Roma, 03 dic. 2014: “Dall’Irap retroattiva per il 2014 alla raffica di aumenti sul risparmio, anche quello previdenziale, sono tante, troppe le croci fiscali scaricate sulle spalle di imprese, artigiani e liberi professionisti. In questo inferno fiscale il governo ha precipitato alcune categorie più di altre”. Lo scrive su Facebook  Mariastella Gelmini.

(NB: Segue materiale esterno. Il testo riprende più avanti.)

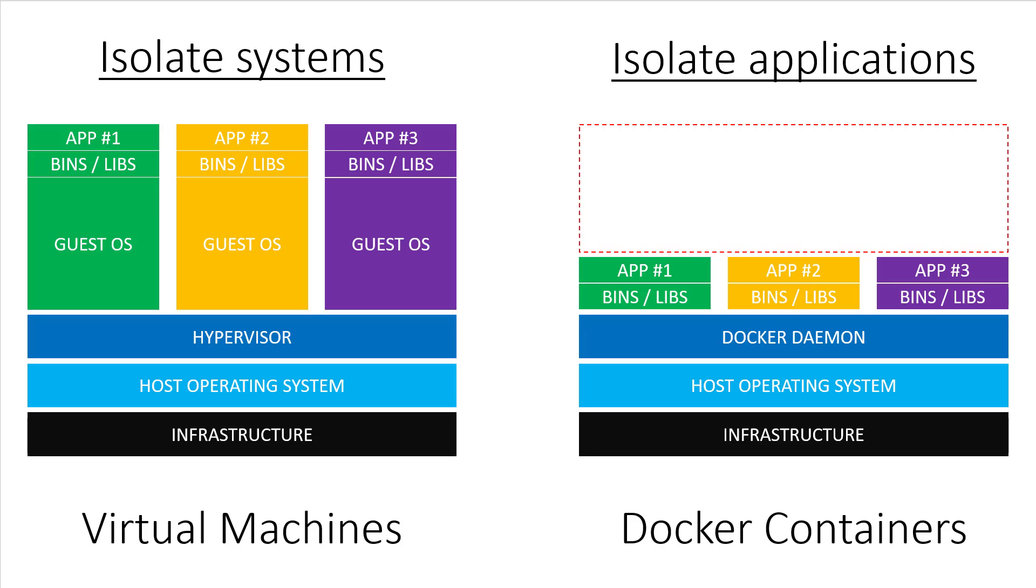Or maybe you're even wondering if Docker containers are compatible with virtual machines? Both are very reasonable questions to ask, and I'll answer both of them in the next lecture. See you there.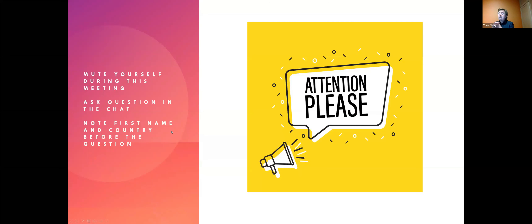Welcome again. Please mute yourself during this meeting, and if you have questions, ask them through the chat. Enter your name, your country, and then your question.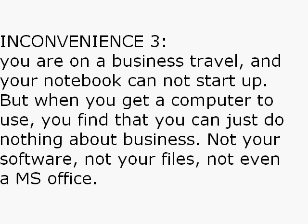And imagine again that you are on a business travel and your notebook cannot start up, but when you get a computer to use you find that you can just do nothing about business, not your software, not your files, not even a Microsoft Office.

“Forza Italia chiede all’esecutivo di rivedere i seguenti punti della Legge di Stabilità:
1. Riduzione effettiva dell’Irap, abrogando la retroattiva cancellazione della riduzione disposta dal Governo Letta per il 2014 ed estendendo la deducibilità di tutto il costo del lavoro e non solo di quello a tempo indeterminato;
2. Cancellare l’incremento delle aliquote fiscali sui rendimenti patrimoniali delle casse previdenziali dei liberi professionisti;
3. Cancellare l’incremento delle aliquote fiscali sui Fondi pensione;
4. Cancellare l’aumento dell’aliquota fiscale sul risparmio investito in azioni e obbligazioni, non classificabile come rendita patrimoniale;
5. Ridurre la pressione fiscale sugli immobili, esentando da qualunque imposizione la prima casa ed aumentando l’esenzione ai fini della determinazione dell’imposta sul reddito delle persone fisiche per gli affitti a canoni calmierati”.

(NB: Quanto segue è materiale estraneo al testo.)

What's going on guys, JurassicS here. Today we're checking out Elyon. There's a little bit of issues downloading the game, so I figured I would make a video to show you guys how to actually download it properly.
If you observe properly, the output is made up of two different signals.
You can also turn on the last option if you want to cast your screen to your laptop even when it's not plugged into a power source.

“Nessuna persona ragionevole si aspetta dalla Legge di stabilità regali sotto l’albero di Natale. Ma in questo modo il Governo trasforma la fine dell’anno in una “Quaresima fiscale”. Provi il Governo a rovistare nei cassetti e a tirar fuori un po’ di quei tagli di spesa sbandierati ma mai realizzati. Questo sì sarebbe un piccolo risarcimento ai lavoratori e alle imprese”, conclude Gelmini (Agenparl).